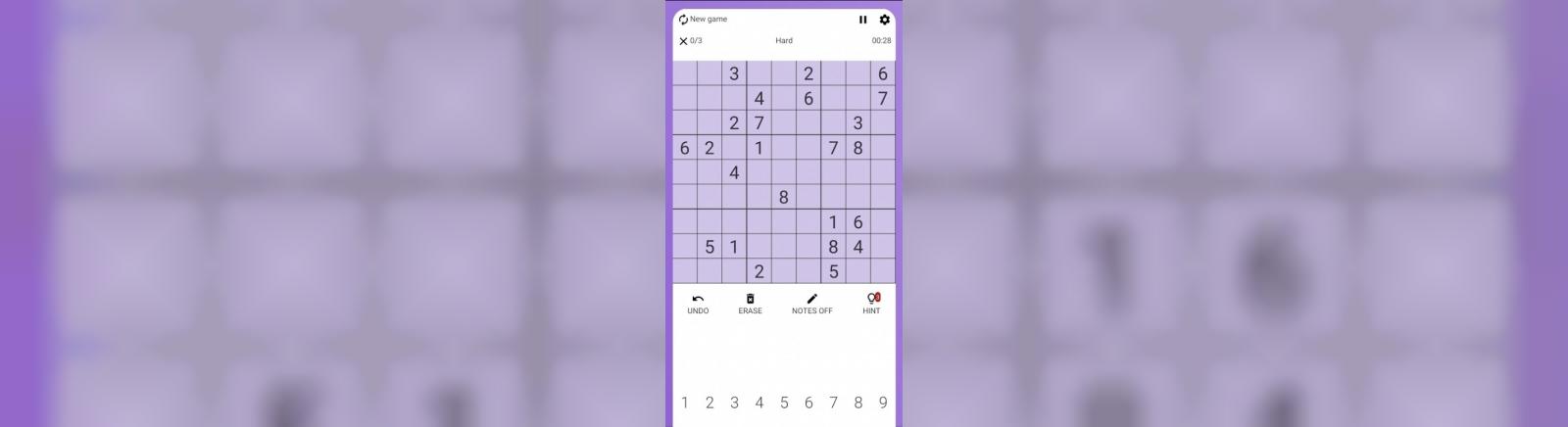 Дата выхода Sudoku Pro (Судоку Про )  на Android в России и во всем мире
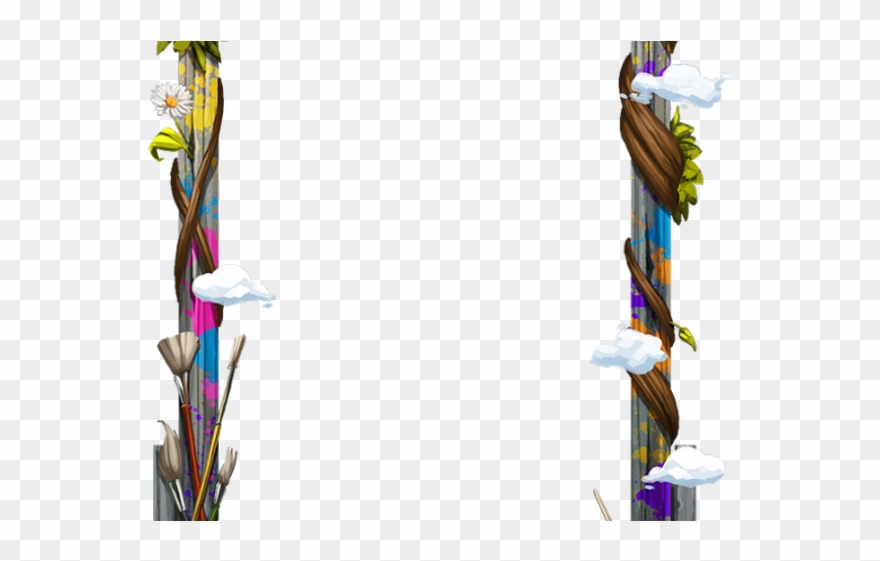 Smite Clipart Titan - Png Download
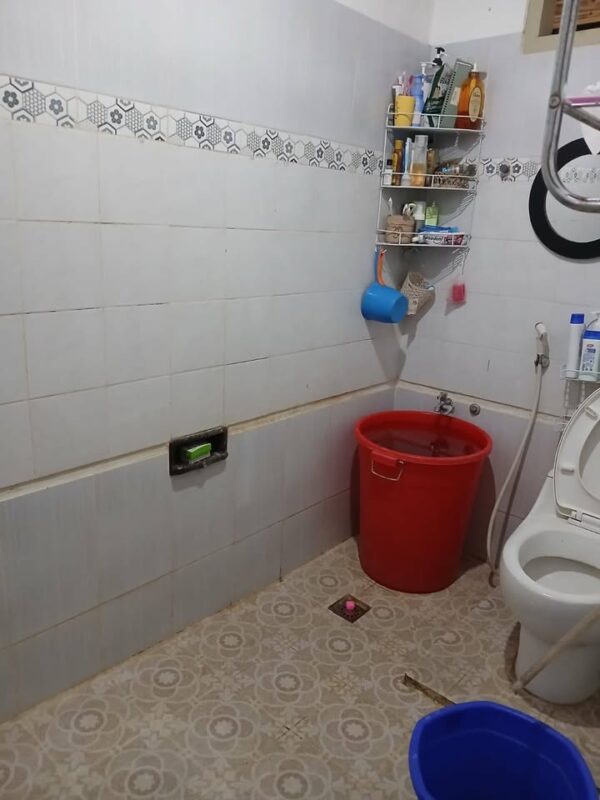 [RBT521] Dijual Rumah Antapani Tengah - Gambar 6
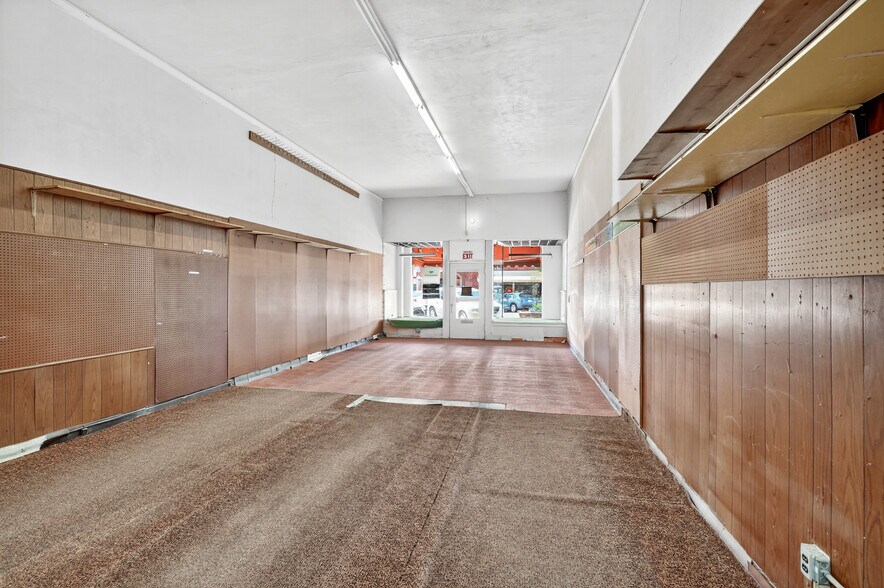 More Photos Of 360-362 Central Ave, Fillmore Storefront For Sale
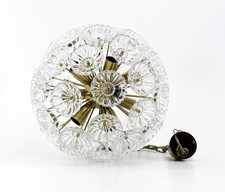 DDR Rarität Hängelampe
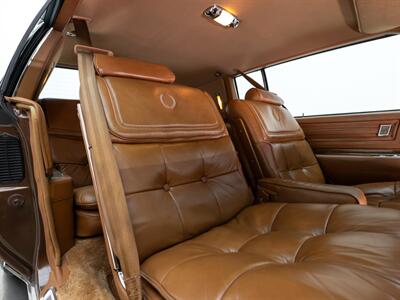 1979 Cadillac Eldorado   - Photo 33 - Nashville, TN 37217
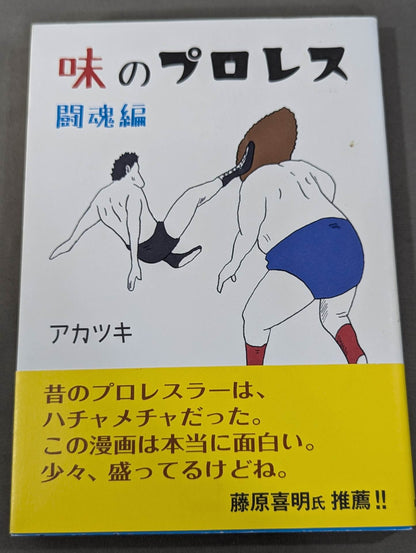 Pro Wrestling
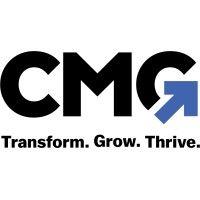 cmg consulting logo image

============

## WORK REQUEST
Each line from the one holding "1979 Cadillac Eldorado" through the final line of the data needs to be transcribed exactly. Include both ends, skip the pictures, and add nothing.

## EXERCISE ANSWER
 1979 Cadillac Eldorado   - Photo 33 - Nashville, TN 37217
 Pro Wrestling
 cmg consulting logo image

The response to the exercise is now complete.